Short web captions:
========================

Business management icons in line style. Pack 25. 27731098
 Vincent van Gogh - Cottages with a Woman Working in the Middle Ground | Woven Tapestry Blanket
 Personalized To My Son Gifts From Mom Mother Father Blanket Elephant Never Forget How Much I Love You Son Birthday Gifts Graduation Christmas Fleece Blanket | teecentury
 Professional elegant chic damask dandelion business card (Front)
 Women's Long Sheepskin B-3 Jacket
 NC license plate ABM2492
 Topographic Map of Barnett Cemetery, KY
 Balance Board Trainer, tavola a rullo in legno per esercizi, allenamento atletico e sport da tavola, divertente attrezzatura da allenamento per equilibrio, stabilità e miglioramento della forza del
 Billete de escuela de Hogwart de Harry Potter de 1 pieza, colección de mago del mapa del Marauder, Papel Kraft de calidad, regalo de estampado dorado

========================

WHAT IS EXPECTED: Lines from the top of the entries through the line with "Personalized To My" are to be transcribed exactly, and nothing more.

ANSWER TO THE PROBLEM:
Business management icons in line style. Pack 25. 27731098
 Vincent van Gogh - Cottages with a Woman Working in the Middle Ground | Woven Tapestry Blanket
 Personalized To My Son Gifts From Mom Mother Father Blanket Elephant Never Forget How Much I Love You Son Birthday Gifts Graduation Christmas Fleece Blanket | teecentury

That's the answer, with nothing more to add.